Solve the expression $5 - 4x(1 + 3x)$
$A)(1 + 2x)(5 + 6x)$
$B)(1 - 2x)(5 + 6x)$
$C)(1 - 2x)(5 - 6x)$
$D)(1 + 2x)(5 - 6x)$

Answer 1

Hint: Here we are asked to solve the given quadratic equation. Since it is an equation of order two it will have two roots. The roots of a quadratic equation can be found by using the formula.
The word quadratic means second-degree values of the given variables.
Then by further simplifying, the quadratic equation $a{x^2} + bx + c = 0$ can be written in the form of $(x - \alpha )(x - \beta ) = 0$.
In this equation, the factors of the quadratic equation are $(x - \alpha )$ and $(x - \beta )$.
So, to determine the roots of the equation, these factors of the equation will be made equal to $0$.
That is,
$(x - \alpha ) = 0$ $(x - \beta ) = 0$
Which gives,
$x = \alpha $ $x = \beta $
So, $\alpha $ and $\beta $ are the roots of the quadratic equation.

Complete step-by-step solution:
Since given that $5 - 4x(1 + 3x)$ and by the multiplication operation we get $5 - 4x(1 + 3x) = 5 - 4x - 12{x^2}$
Since given that $ - 12{x^2} - 4x + 5 = 0$. Now convert the value $ - 4x = 6x - 10x$ then we get $ - 12{x^2} + 6x - 10x + 5 = 0$
Now taking the common values out then we have
$ - 12{x^2} + 6x - 10x + 5 = 0 $
$\Rightarrow 6x( - 2x + 1) + 5( - 2x + 1) = 0$
Then by further simplifying, the quadratic equation $a{x^2} + bx + c = 0$ can be written in the form of $(x - \alpha )(x - \beta ) = 0$. Hence, we get
$6x( - 2x + 1) + 5( - 2x + 1) = 0 $
$\Rightarrow (1 - 2x)(6x + 5) = 0$
Therefore $5 - 4x(1 + 3x)$ can be simplified into $(1 - 2x)(6x + 5) = 0$
Thus, the option $B)(1 - 2x)(5 + 6x)$ is correct.

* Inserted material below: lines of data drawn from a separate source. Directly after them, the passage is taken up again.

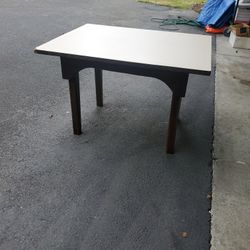 Free- Table For Kids In SAMMAMISH 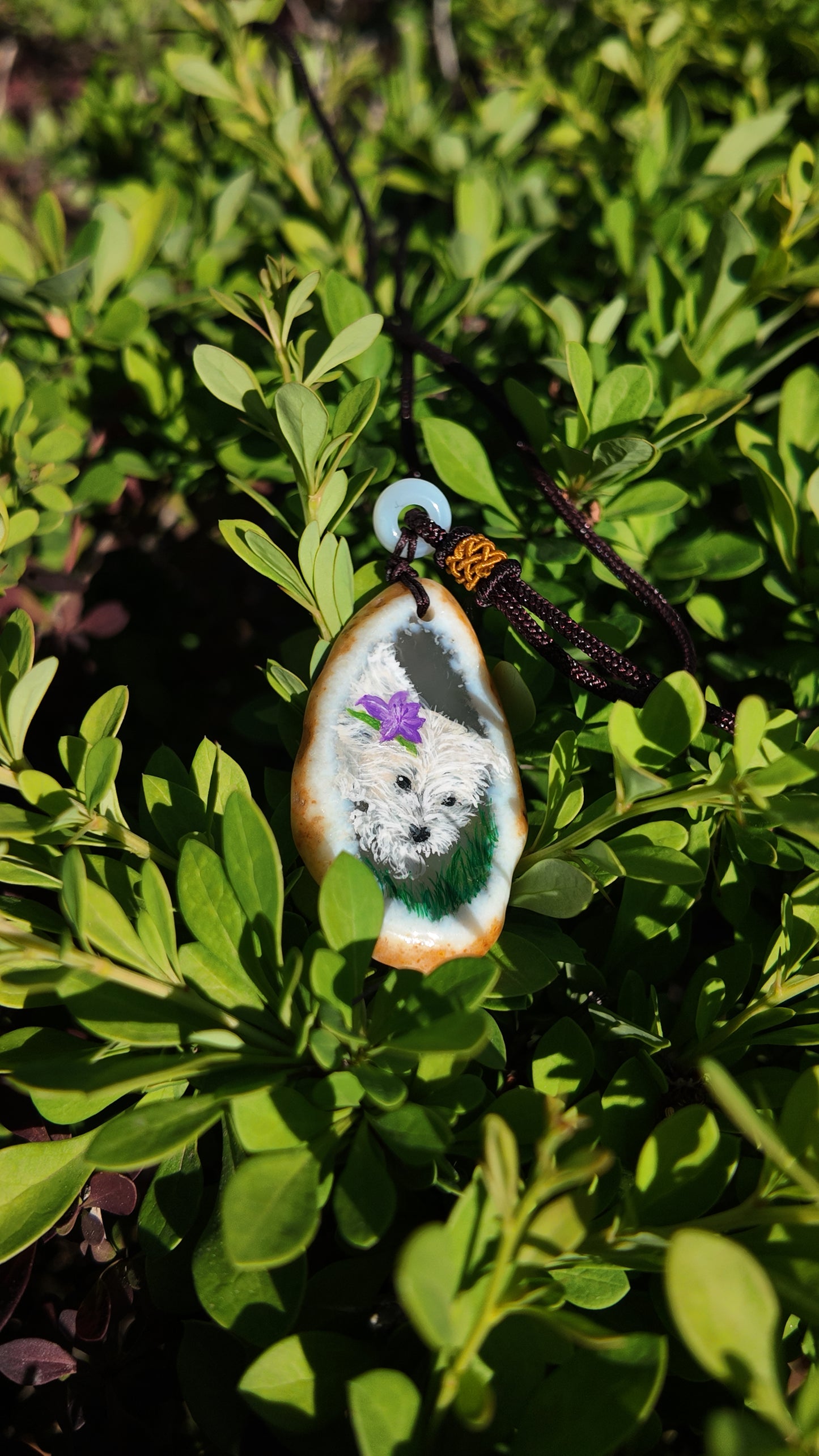 Custom Healing Agate Pet Portrait Necklace – Hand-Painted & Waterproof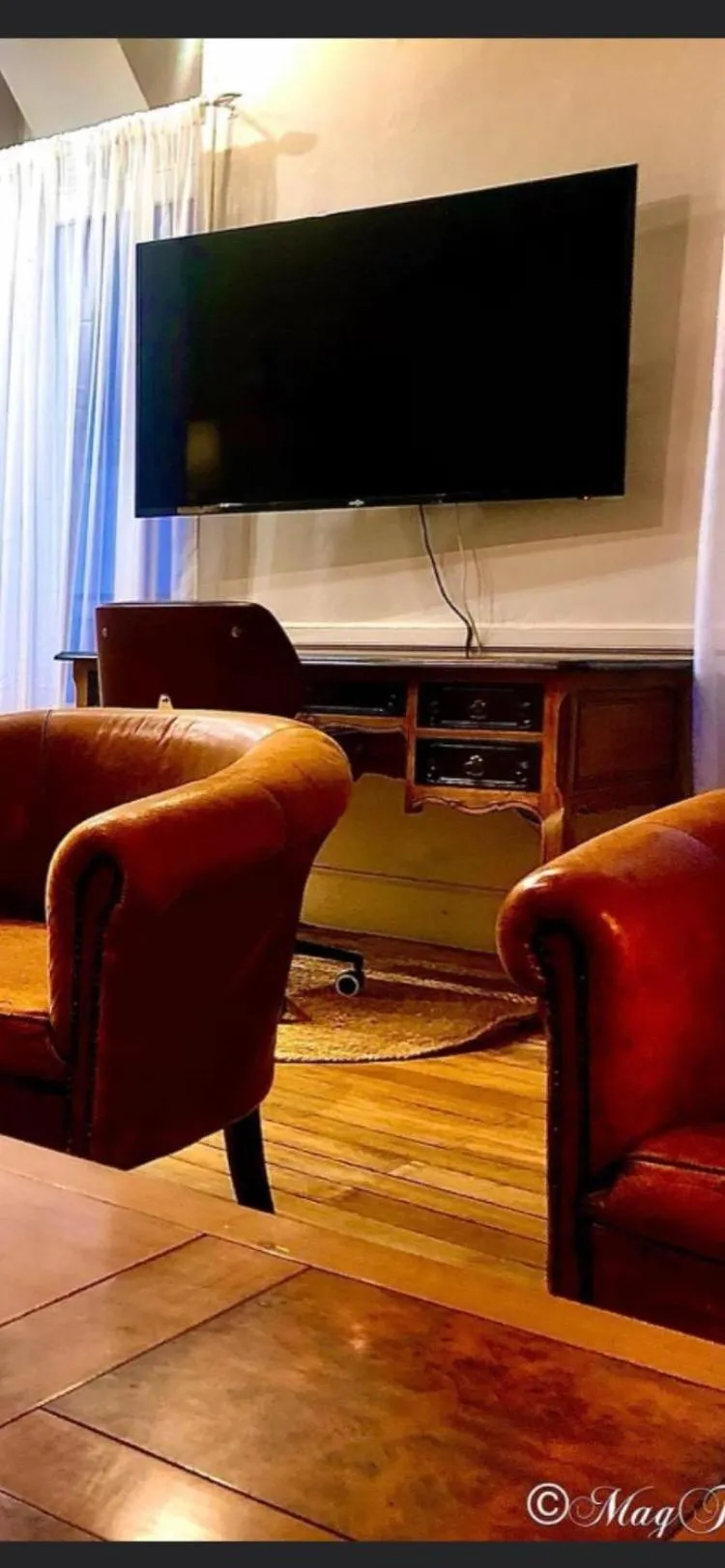 TV and multimedia in Le Regisseur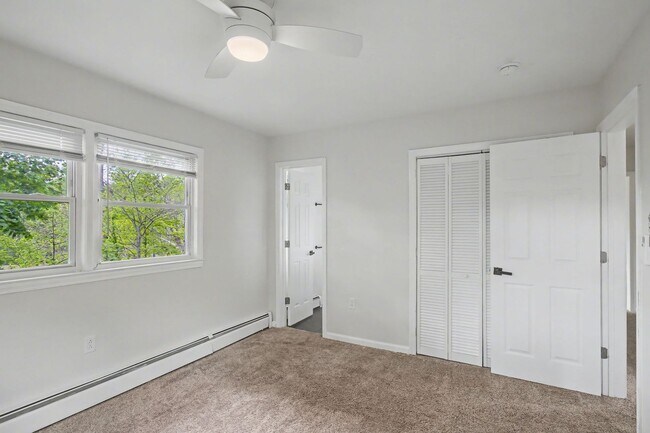 Building Photo - 415 Mountain View Rd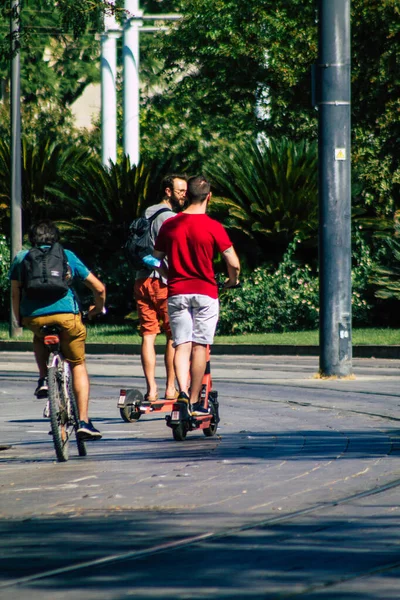 Sevilla España Septiembre 2021 Personas Rodando Con Scooter Eléctrico Las — Foto de Stock
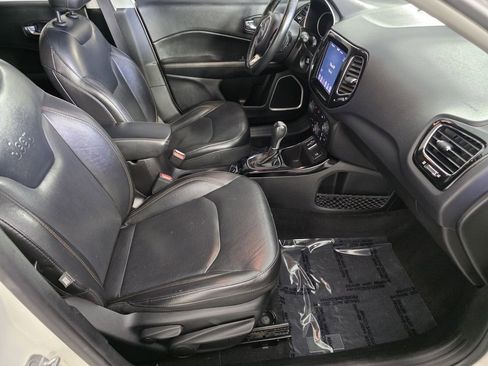 Certified 2019 Jeep Compass Limited image 31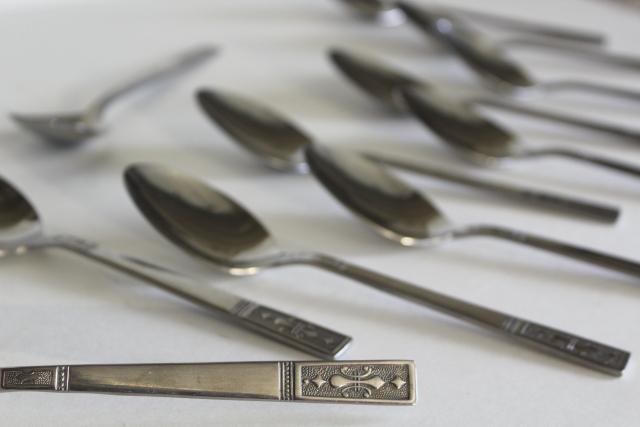 photo of Oxford Hall 69 stainless flatware, fleur de lis pattern teaspoons vintage 60s 70s Korea #1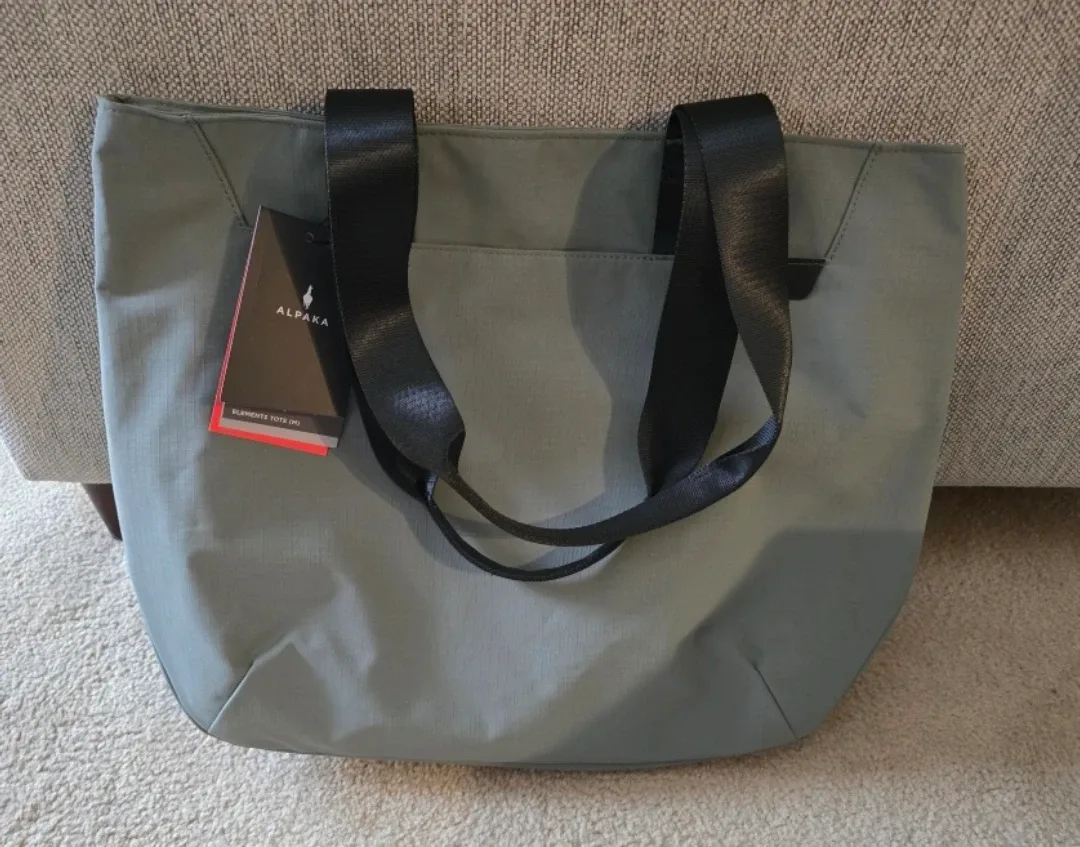 Alpaka Elements Tote (MD) Bag - Like New!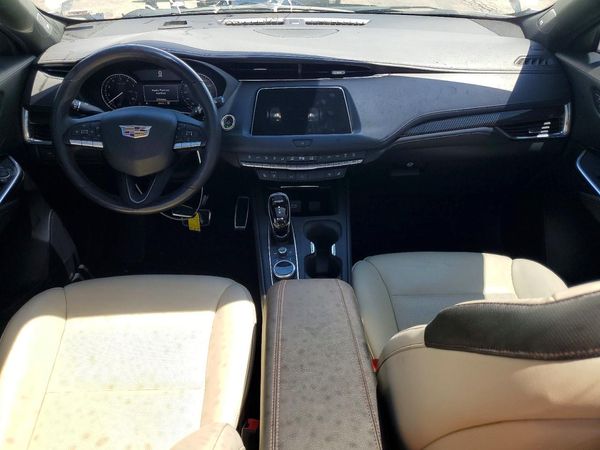 2021 CADILLAC XT4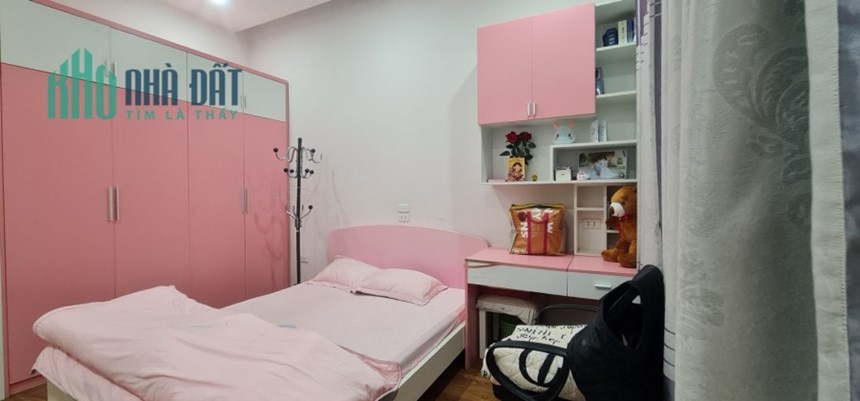 Bán nhà Phố Nguyễn Văn Cừ, ô tô, full nội thất, 90 m2, nhĩnh 9 tỷ.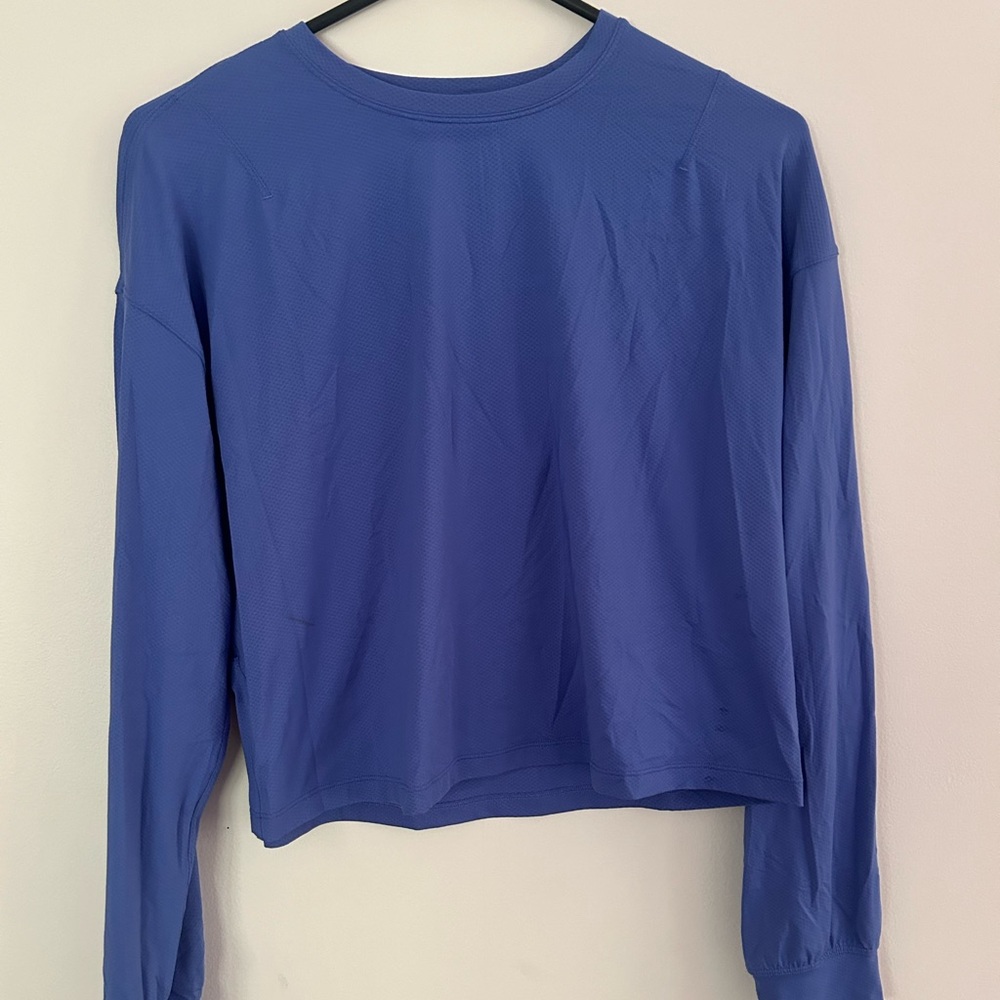 Lululemon cropped long sleeve workout top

Note: The quadratic equation $a{x^2} + bx + c = 0$ can be factored in the form of $(x - \alpha )(x - \beta ) = 0$ where $(x - \alpha )$ and $(x - \beta )$ are the factors of the quadratic equation so $\alpha $ and $\beta $ are the roots of the quadratic equation and the values of $a$ cannot be $0$.
If the value of $a$ is $0$, then the quadratic equation will become a binomial equation.
Using the multiplication operation we found the values $5 - 4x(1 + 3x) = 5 - 4x - 12{x^2}$
We are also able to make use of the formula of the quadratic equation. Let \[a{x^2} + bx + c = 0\] be a quadratic equation then the roots of this equation are given by \[\dfrac{{ - b \pm \sqrt {{b^2} - 4ac} }}{{2a}}\].